Captioned web images:
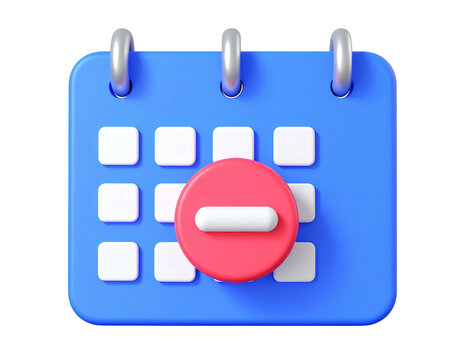 3D rendered blue calendar icon with white dates and a prominent red circle with a horizontal white bar
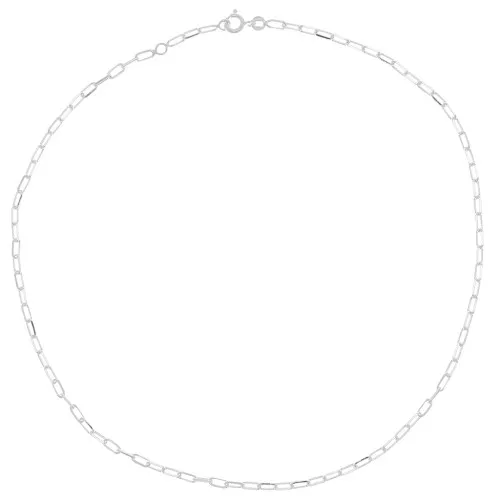 2.6mm 925 Sterling Silver rectangle chain Choker x41 cm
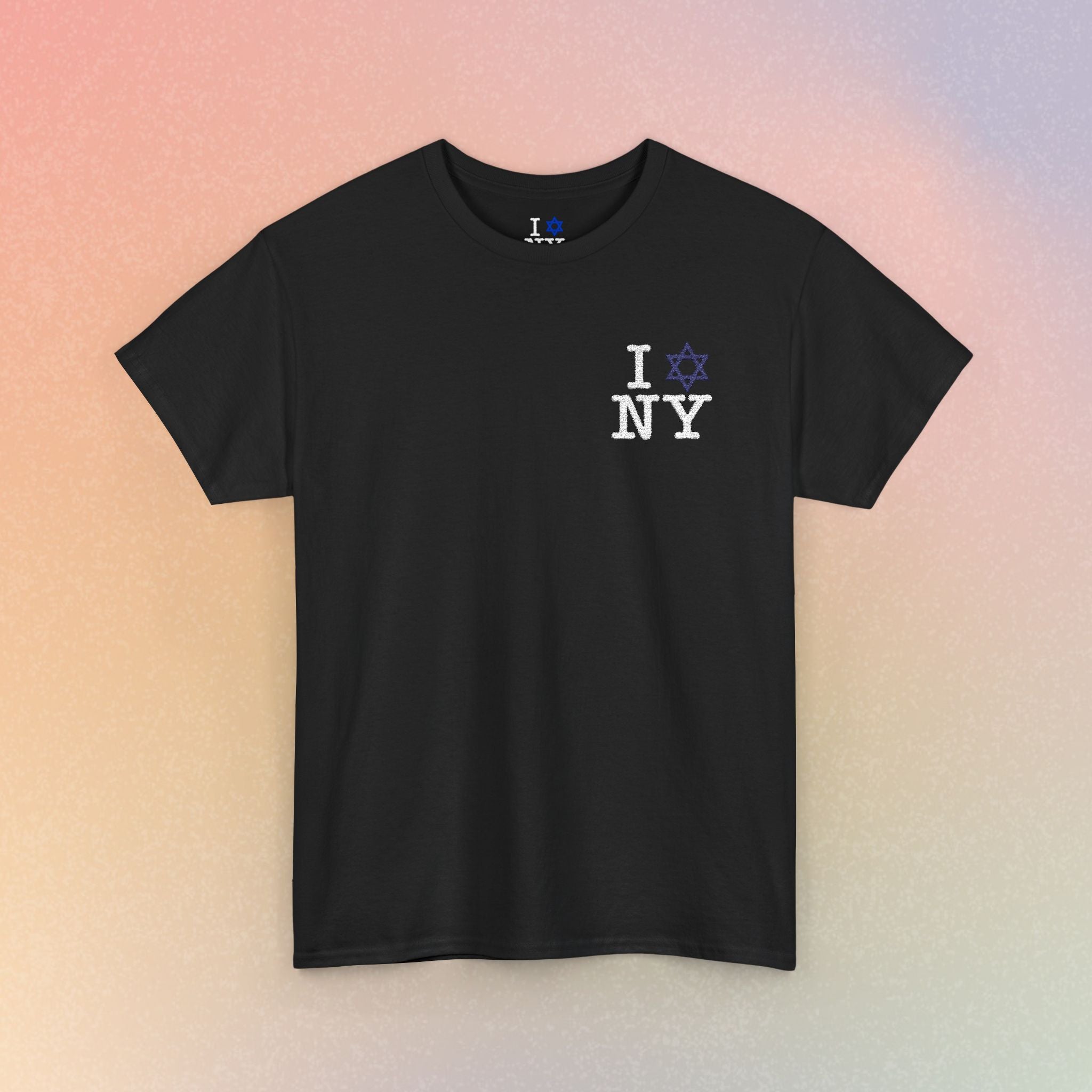 I Love NY Jewish Star Embroidered T-Shirt (Dark Colors) — Jewish NYC Pride
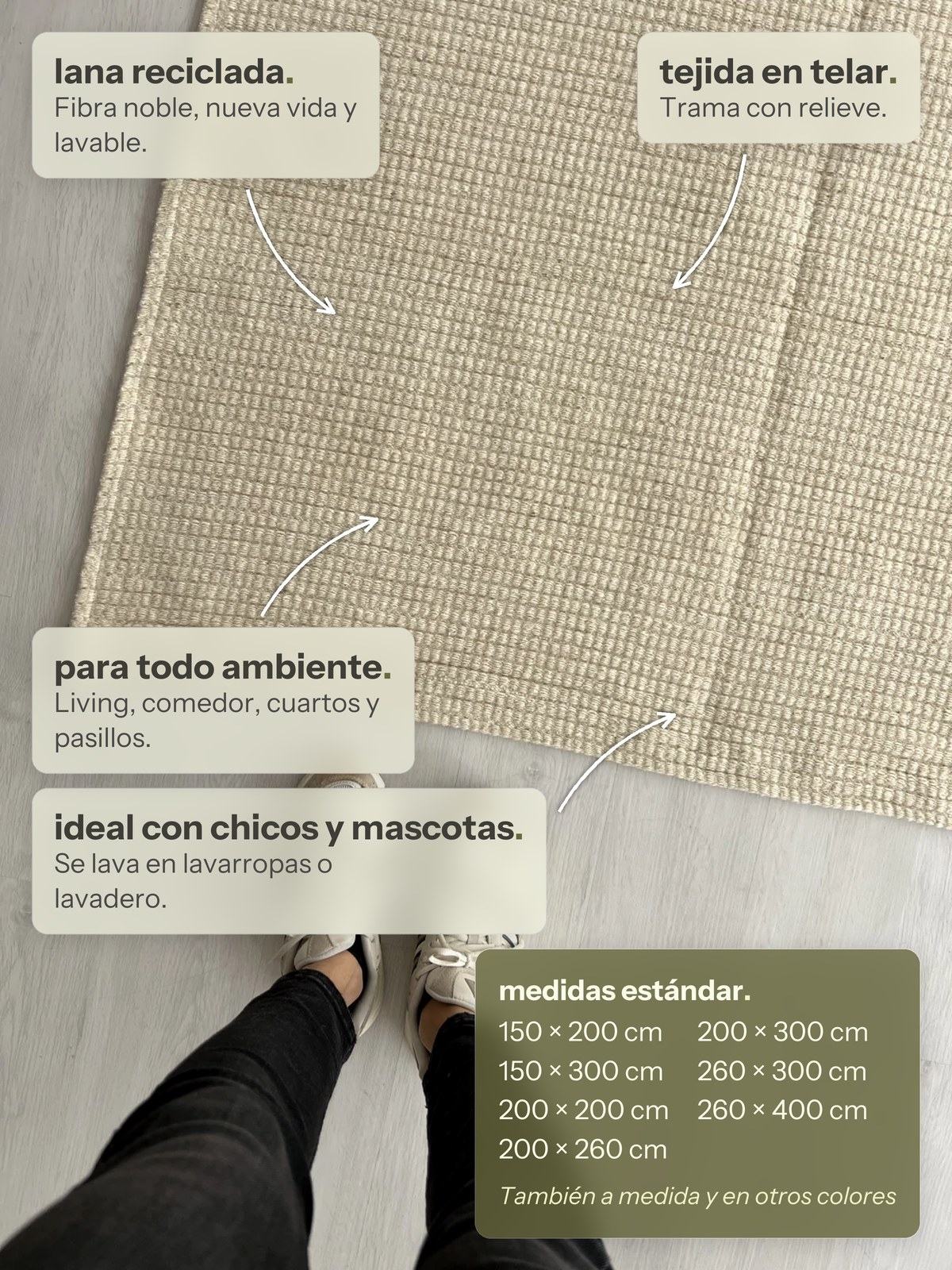 Características de la alfombra Chaco Natural de Finia Home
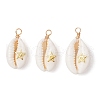 Copper Wire Wrapped Natural Cowrie Shell Pendants PALLOY-JF03554-04-1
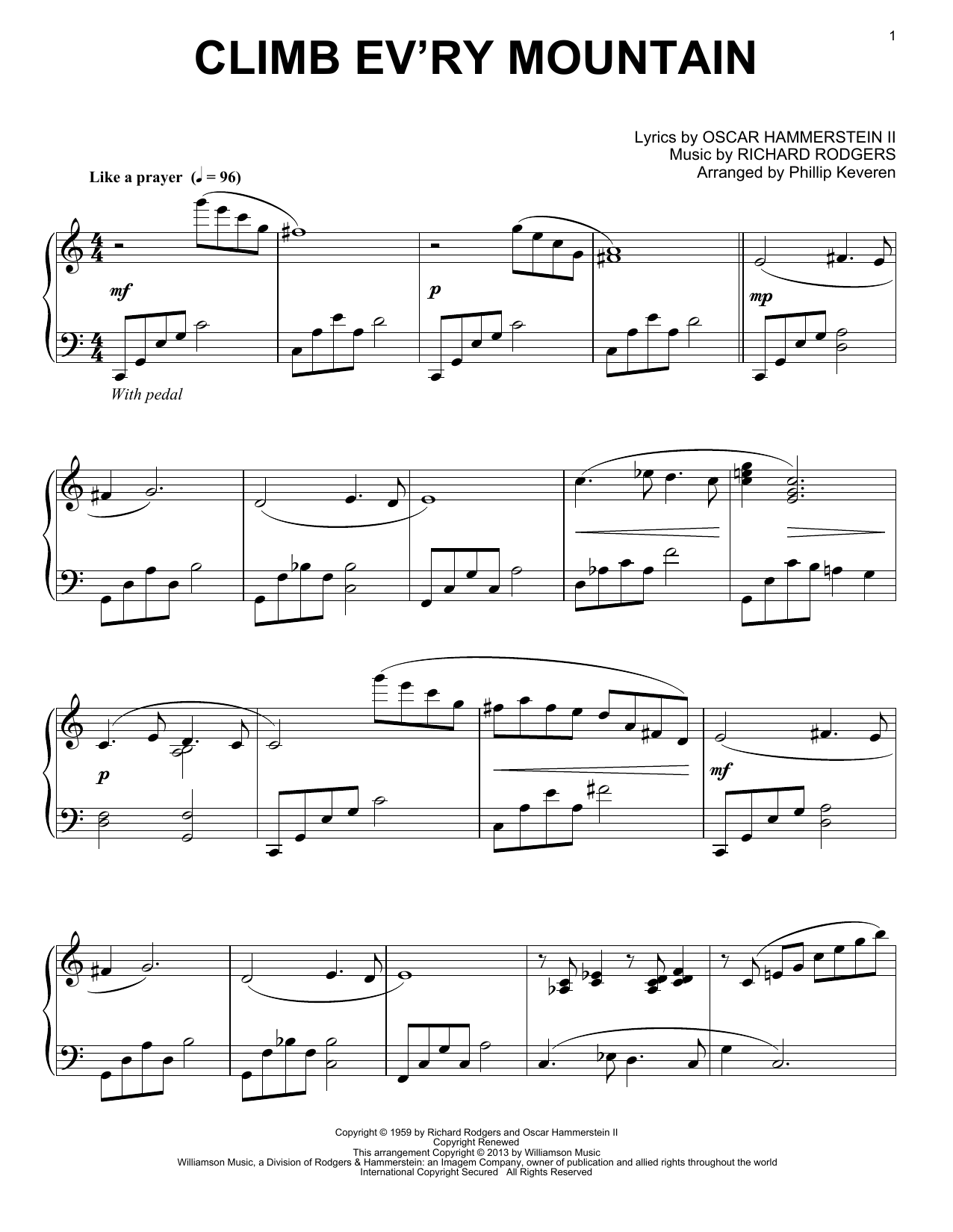 Climb Ev'ry Mountain (from The Sound Of Music) (arr. Phillip Keveren) (Piano Solo) von Rodgers & Hammerstein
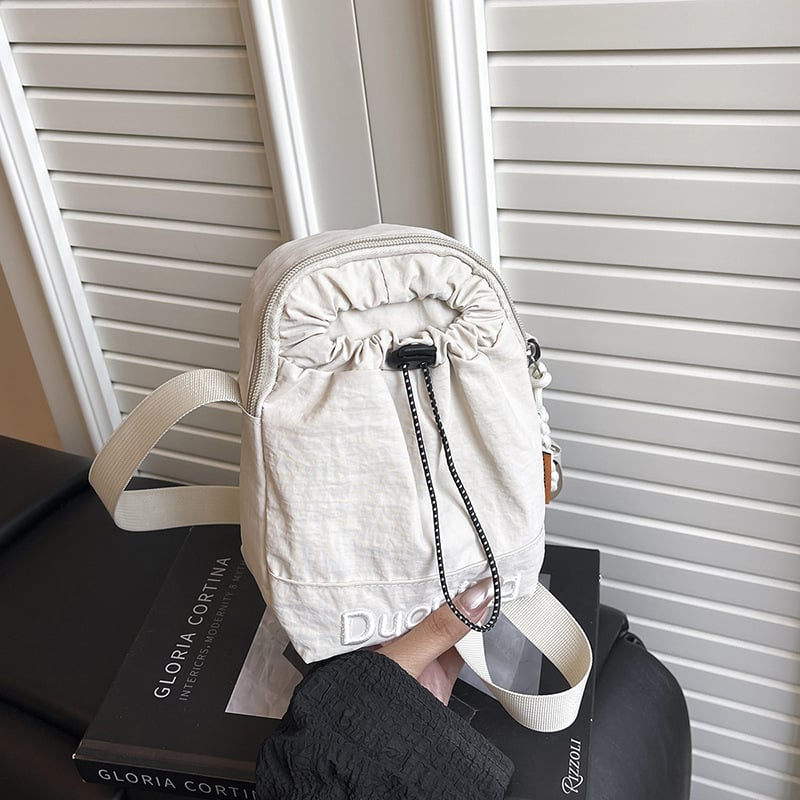 Geantă crossbody din nylon pentru femei, stil bucket, cu fermoar, căptușeală poliester, buzunar pentru documente, curea de umăr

How to complete this task: Repeat every line above exactly, but omit all images.

Task response:
 3D rendered blue calendar icon with white dates and a prominent red circle with a horizontal white bar
 2.6mm 925 Sterling Silver rectangle chain Choker x41 cm
 I Love NY Jewish Star Embroidered T-Shirt (Dark Colors) — Jewish NYC Pride
 Características de la alfombra Chaco Natural de Finia Home
 Copper Wire Wrapped Natural Cowrie Shell Pendants PALLOY-JF03554-04-1
 Climb Ev'ry Mountain (from The Sound Of Music) (arr. Phillip Keveren) (Piano Solo) von Rodgers & Hammerstein
 Geantă crossbody din nylon pentru femei, stil bucket, cu fermoar, căptușeală poliester, buzunar pentru documente, curea de umăr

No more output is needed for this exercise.